[Start of Attachment]

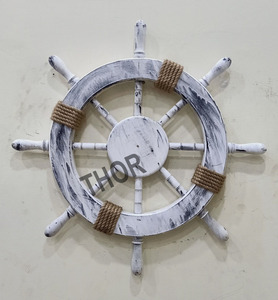 Roue de bateau en bois poli blanc de 24 pouces, décoration artistique et tenture murale, décoration de maison - Product Image 4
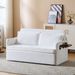 Adult Sleeper Chair Bed, 3-in-1 Convertible Sofa Chair Bed Pull-out Sofa Bed, Convenient Folding Tray Table With USB And Type-C Charging Ports Modern Loveseat For Living Room,WHITE,Fabric_maomaolike.com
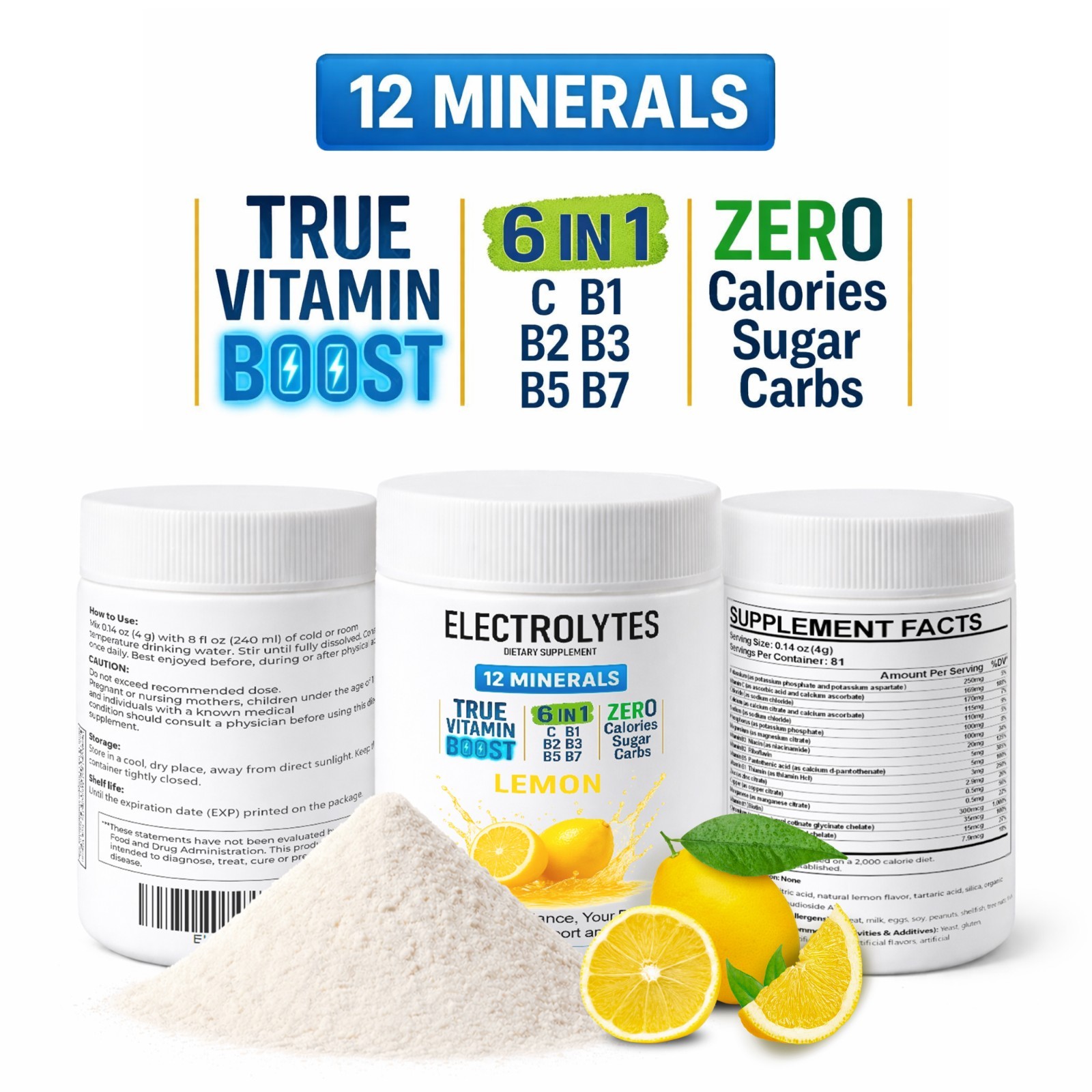Electrolyte Complex Hydration Powder | 12 Minerals + 6 Vitamins | Lemon Flavor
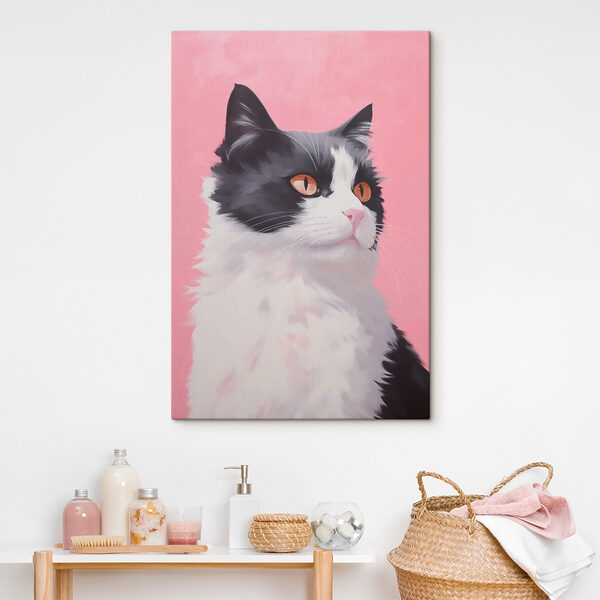 Zwart-witte kat met oranje ogen Canvas Schilderijen Zwart-witte kat met oranje ogen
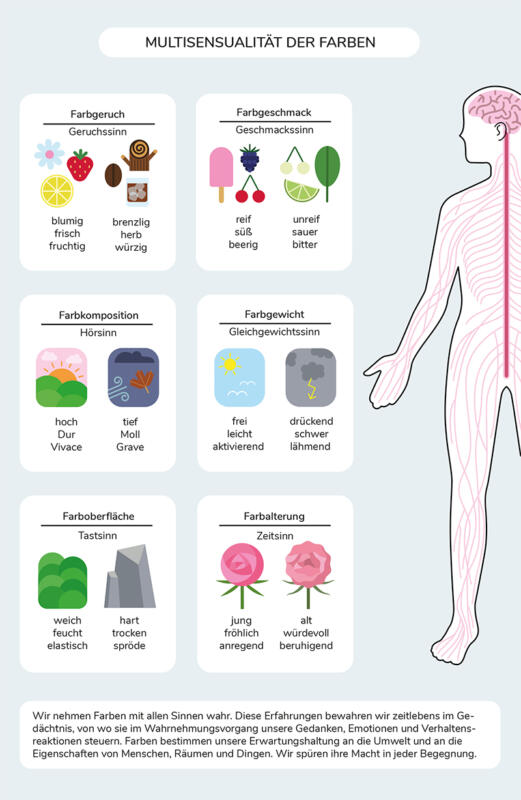 Infografik om färgernas multisensoriska natur och vad de utlöser hos oss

[End of Attachment]

Could you copy the listing above exactly, without its pictures?

### YOUR RESPONSE
 Roue de bateau en bois poli blanc de 24 pouces, décoration artistique et tenture murale, décoration de maison - Product Image 4
 Adult Sleeper Chair Bed, 3-in-1 Convertible Sofa Chair Bed Pull-out Sofa Bed, Convenient Folding Tray Table With USB And Type-C Charging Ports Modern Loveseat For Living Room,WHITE,Fabric_maomaolike.com
Electrolyte Complex Hydration Powder | 12 Minerals + 6 Vitamins | Lemon Flavor
 Zwart-witte kat met oranje ogen Canvas Schilderijen Zwart-witte kat met oranje ogen
 Infografik om färgernas multisensoriska natur och vad de utlöser hos oss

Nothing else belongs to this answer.